For convenience, we can also define the routes right when creating the router:

import { CheerioCrawler, createCheerioRouter } from 'crawlee';
const crawler = new CheerioCrawler({
requestHandler: createCheerioRouter({
'label-a': async (ctx) => { ... },
'label-b': async (ctx) => { ... },
})},
});
await crawler.run();

Middlewares are also supported via the router.use method. There can be multiple middlewares for a single router, they will be executed sequentially in the same order as they were registered.
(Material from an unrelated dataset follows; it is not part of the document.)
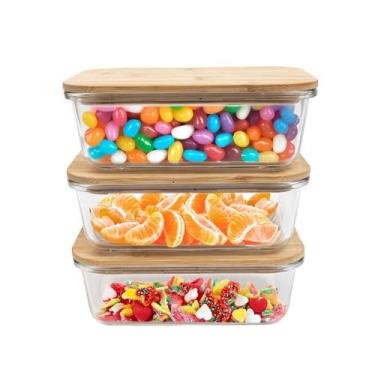 Imagem de kit 3 potes de vidro 800ml tampa de bambu hermético marmita retangular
crawler.router.use(async (ctx) => {
ctx.log.info('...');
});

Hierarchy

  • Router<Context>
    • RouterHandler

Callable

  • RouterHandler(ctx: Context): Awaitable<void>

  • Parameters

    • ctx: Context

    Returns Awaitable<void>

Index

Methods

addDefaultHandler

  • addDefaultHandler<UserData>(handler: (ctx: Omit<Context, request> & { request: Request<UserData> }) => Awaitable<void>): void
  • Registers default route handler.


    Type parameters

    • UserData: Dictionary = GetUserDataFromRequest<Context[request]>

    Parameters

    • handler: (ctx: Omit<Context, request> & { request: Request<UserData> }) => Awaitable<void>

      Returns void

    addHandler

    • addHandler<UserData>(label: string | symbol, handler: (ctx: Omit<Context, request> & { request: Request<UserData> }) => Awaitable<void>): void
    • Registers new route handler for given label.


      Type parameters

      • UserData: Dictionary = GetUserDataFromRequest<Context[request]>

      Parameters

      • label: string | symbol
      • handler: (ctx: Omit<Context, request> & { request: Request<UserData> }) => Awaitable<void>

        Returns void

      getHandler

      • getHandler(label?: string | symbol): (ctx: Context) => Awaitable<void>
      • Returns route handler for given label. If no label is provided, the default request handler will be returned.


        Parameters

        • optionallabel: string | symbol

        Returns (ctx: Context) => Awaitable<void>

          • (ctx: Context): Awaitable<void>
          • Returns route handler for given label. If no label is provided, the default request handler will be returned.


            Parameters

            • ctx: Context

            Returns Awaitable<void>

      use

      • use(middleware: (ctx: Context) => Awaitable<void>): void
      • Registers a middleware that will be fired before the matching route handler. Multiple middlewares can be registered, they will be fired in the same order.


        Parameters

        • middleware: (ctx: Context) => Awaitable<void>

          Returns void